La scomparsa di Zanetti

20 Febbraio 2019 di Stefano Olivari

Javier Zanetti è entrato nella Hall of Fame del calcio italiano a questo giro, insieme a Totti, Allegri, Antognoni, Matarrese, Rizzoli e Milena Bertolini (noi ci avremmo messo anche Andrea Roncato, già che c’erano), e magari la cerimonia di maggio per questa specie di Manuale Cencelli dei premi (sempre meglio di quelli giornalistici, però) sarà l’occasione per conoscere il suo pensiero circa le ultime vicende di un’Inter di cui, all’ultimo conteggio, risulta ancora essere vicepresidente. Assordante è infatti il suo silenzio sulla vicenda Icardi (mentre scriviamo queste righe dedicate ai lettori interisti, che cerchiamo sempre di far uscire per l’ora di pranzo, l’attaccante è da una mezzora all’Humanitas per la visita fiscale che però non è una visita fiscale ma forse lo è) da parte di un uomo che è stato capitano dell’Inter per 13 stagioni e che nell’immaginario del tifoso sarebbe il punto di riferimento dei tanti argentini transitati a Milano: invece al di là di qualche foto (come a Vienna con Matthäus) e dei doverosi atti di presenza, sulle questioni davvero importanti è stato zitto come quando giocava.

Va poi detto che a prescindere dal passaporto Icardi è uno che si fa i fatti suoi e non si è mai fatto prendere sotto l’ala di Zanetti né di alcun altro, al punto di rifiutare anche i tanti consulenti che gli sono stati consigliati nel mondo prima di Marotta. Senza contare che Zanetti sta come al solito giocando una sua partita, che lo assorbe quasi totalmente: forse scamperà alla riforma-epurazione di Marotta, che dovrebbe riguardare anche figure dirigenziali meno visibili, ma il ridimensionamento è assicurato. La strategia sembra comunque sempre la solita, quella di chi guarda verso il basso, verso il temperino o l’astuccio, quando il professore sta per interrogare. Mentre dicendo o facendo qualcosa di forte magari stavolta avrebbe guadagnato punti, azzardiamo.

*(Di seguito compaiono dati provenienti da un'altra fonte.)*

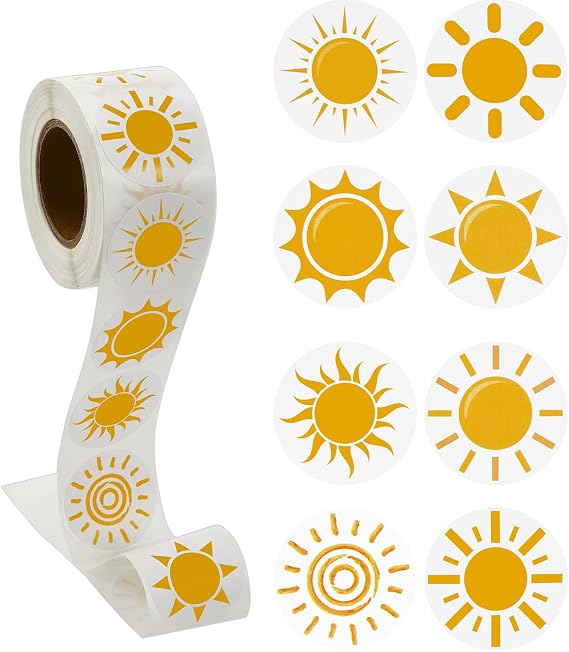 500 Pcs Sun Stickers Birthday Party Favor for Sunshine Baby Shower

Visto che ci piace fare del bar, come collocheremmo Zanetti nella classifica dei capitani interisti che abbiamo visto giocare dal vivo, quindi da Mazzola in poi? Si parla ovviamente di personalità e di carisma nei confronti dei compagni, non di valore tecnico, anche se dare la fascia a un giocatore scarso (o a un portiere, come sostiene anche Zoff) non è di solito una buona idea. Nostra classifica: primo Facchetti (rispettato da chiunque, meno silenzioso e ‘buono’ rispetto a quanto di solito si legge), secondo Bergomi (sfortunato nell’esserlo nel periodo migliore di Milan e Juventus), terzo Icardi (magari quando sarà partito verranno fuori le tante piccole attenzioni che ha riservato anche all’ultima delle riserve), quarto Bini (leader di una squadra di amici, epoca purtroppo irripetibile), quinto Mazzola (campione, ma non amato da tutti i compagni e già troppo dirigente), sesto Ranocchia (perché è durato troppo poco, ma aveva ed ha l’intelligenza necessaria per essere più in alto), settimo Baresi (molto apprezzato, ma diventato capitano quasi fuori tempo massimo), ottavo Ronaldo (carisma immenso, ma isola indipendente), nono Altobelli (non un trascinatore, troppo individualista) e decimo Zanetti. Decimo posto provocatorio, in realtà sotto al primo le differenze sono minime e troppo legate a fattori esterni. Molto sottovalutato come giocatore, Zanetti, ma come capitano oscurato spesso da compagni più carismatici: come puoi essere il capitano di Ronaldo, Ibrahimovic o Cambiasso? L’amico e maestro Budrieri mette Armando Picchi sopra a tutti, ma almeno in questo caso non siamo così vecchi da averlo visto in azione.